[[ Source data, beginning ]]

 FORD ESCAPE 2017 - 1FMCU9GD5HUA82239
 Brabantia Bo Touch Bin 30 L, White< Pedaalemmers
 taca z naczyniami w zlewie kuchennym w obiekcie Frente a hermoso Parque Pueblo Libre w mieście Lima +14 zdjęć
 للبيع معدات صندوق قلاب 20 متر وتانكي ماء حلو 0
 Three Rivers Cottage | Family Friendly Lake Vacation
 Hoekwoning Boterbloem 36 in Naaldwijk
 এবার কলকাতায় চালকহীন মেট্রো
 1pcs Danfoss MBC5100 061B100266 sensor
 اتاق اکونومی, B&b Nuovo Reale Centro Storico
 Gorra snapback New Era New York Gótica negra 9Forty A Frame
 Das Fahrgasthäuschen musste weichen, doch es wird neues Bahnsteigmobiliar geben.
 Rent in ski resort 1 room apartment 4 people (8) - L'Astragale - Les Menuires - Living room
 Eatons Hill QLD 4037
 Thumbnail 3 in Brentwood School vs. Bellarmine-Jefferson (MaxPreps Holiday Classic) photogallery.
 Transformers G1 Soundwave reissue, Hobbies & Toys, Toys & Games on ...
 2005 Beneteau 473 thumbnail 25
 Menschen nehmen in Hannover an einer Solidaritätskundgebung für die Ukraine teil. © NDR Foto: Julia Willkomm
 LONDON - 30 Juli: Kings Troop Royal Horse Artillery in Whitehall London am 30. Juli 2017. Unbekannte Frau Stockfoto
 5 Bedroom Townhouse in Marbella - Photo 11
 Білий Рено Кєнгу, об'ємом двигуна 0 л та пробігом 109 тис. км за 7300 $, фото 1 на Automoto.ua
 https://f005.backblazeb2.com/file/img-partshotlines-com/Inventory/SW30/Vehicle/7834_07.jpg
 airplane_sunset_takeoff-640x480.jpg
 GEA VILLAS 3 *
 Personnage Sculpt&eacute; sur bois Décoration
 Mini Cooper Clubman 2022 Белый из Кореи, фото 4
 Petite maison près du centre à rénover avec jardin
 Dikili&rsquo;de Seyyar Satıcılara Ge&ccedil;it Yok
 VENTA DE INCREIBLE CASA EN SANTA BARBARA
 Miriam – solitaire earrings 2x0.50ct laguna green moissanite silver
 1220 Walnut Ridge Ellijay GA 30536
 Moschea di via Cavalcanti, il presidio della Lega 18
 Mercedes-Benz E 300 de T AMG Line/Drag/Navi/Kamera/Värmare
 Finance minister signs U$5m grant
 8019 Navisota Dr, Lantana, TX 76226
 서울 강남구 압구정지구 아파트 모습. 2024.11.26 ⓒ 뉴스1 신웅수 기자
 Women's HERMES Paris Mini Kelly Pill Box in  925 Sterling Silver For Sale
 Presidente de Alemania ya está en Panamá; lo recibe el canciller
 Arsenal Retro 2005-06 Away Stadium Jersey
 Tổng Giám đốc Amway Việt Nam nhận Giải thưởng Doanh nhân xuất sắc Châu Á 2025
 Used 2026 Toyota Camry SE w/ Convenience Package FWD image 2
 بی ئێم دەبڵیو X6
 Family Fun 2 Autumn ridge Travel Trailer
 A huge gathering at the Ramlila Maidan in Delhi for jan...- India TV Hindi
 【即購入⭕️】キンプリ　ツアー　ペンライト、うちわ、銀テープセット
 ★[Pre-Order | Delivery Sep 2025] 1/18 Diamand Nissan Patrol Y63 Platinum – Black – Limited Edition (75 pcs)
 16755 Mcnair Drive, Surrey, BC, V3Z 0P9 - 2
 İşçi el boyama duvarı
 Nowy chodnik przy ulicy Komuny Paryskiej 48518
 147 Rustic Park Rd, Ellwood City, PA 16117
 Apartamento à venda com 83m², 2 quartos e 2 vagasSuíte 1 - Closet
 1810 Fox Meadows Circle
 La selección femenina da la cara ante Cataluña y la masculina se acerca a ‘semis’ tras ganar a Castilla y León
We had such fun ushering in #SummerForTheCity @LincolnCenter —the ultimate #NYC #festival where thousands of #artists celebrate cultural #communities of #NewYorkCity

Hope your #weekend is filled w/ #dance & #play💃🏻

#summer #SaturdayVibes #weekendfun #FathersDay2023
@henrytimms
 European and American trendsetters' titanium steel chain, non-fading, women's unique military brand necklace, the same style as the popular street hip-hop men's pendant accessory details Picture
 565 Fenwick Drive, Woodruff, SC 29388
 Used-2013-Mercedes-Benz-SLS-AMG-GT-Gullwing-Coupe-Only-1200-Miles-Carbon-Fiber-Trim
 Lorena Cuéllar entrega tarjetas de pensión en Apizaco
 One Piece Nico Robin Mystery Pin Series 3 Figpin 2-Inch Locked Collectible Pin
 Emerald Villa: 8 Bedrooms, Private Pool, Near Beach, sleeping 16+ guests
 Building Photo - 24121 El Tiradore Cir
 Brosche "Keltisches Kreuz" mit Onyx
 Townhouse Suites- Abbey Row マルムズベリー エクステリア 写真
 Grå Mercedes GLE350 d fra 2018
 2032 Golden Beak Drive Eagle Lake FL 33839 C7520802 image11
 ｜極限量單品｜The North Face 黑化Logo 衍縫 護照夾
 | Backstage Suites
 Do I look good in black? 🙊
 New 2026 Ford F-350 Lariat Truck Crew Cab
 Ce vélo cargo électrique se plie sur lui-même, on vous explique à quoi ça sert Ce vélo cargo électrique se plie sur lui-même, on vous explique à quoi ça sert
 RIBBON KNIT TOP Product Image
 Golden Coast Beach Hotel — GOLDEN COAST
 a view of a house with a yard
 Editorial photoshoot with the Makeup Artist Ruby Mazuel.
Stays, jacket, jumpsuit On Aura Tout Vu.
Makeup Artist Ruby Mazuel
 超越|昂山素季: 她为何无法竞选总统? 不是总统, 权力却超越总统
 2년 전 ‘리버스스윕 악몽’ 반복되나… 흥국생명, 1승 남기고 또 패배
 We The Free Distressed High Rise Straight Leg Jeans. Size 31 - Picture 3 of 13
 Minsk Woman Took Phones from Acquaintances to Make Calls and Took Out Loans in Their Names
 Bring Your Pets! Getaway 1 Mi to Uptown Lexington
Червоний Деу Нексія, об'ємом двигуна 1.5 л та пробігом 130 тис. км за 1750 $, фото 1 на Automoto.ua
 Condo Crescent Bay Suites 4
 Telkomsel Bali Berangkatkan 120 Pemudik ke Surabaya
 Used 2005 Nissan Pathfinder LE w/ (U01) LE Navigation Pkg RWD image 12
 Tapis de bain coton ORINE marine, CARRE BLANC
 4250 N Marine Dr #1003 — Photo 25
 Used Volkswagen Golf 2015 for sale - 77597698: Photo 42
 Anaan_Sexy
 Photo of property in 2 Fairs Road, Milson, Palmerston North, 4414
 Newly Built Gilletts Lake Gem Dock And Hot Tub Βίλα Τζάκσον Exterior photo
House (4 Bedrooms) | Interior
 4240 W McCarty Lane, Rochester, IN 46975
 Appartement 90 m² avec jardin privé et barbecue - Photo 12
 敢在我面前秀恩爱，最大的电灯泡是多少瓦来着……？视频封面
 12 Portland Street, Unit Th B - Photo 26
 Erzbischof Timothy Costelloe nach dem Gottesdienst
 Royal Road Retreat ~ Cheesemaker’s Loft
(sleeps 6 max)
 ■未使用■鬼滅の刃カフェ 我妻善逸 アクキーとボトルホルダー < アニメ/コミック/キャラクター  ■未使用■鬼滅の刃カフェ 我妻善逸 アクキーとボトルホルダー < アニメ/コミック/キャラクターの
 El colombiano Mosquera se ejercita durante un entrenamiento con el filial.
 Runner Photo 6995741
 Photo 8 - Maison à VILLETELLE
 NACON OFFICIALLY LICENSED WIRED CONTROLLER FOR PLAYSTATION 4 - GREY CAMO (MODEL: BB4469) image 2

[[ Source data, end ]]

# What needs to be done
If a line in the entries contains the word "двигуна", copy that line out.

# Result for this exercise
 Білий Рено Кєнгу, об'ємом двигуна 0 л та пробігом 109 тис. км за 7300 $, фото 1 на Automoto.ua
Червоний Деу Нексія, об'ємом двигуна 1.5 л та пробігом 130 тис. км за 1750 $, фото 1 на Automoto.ua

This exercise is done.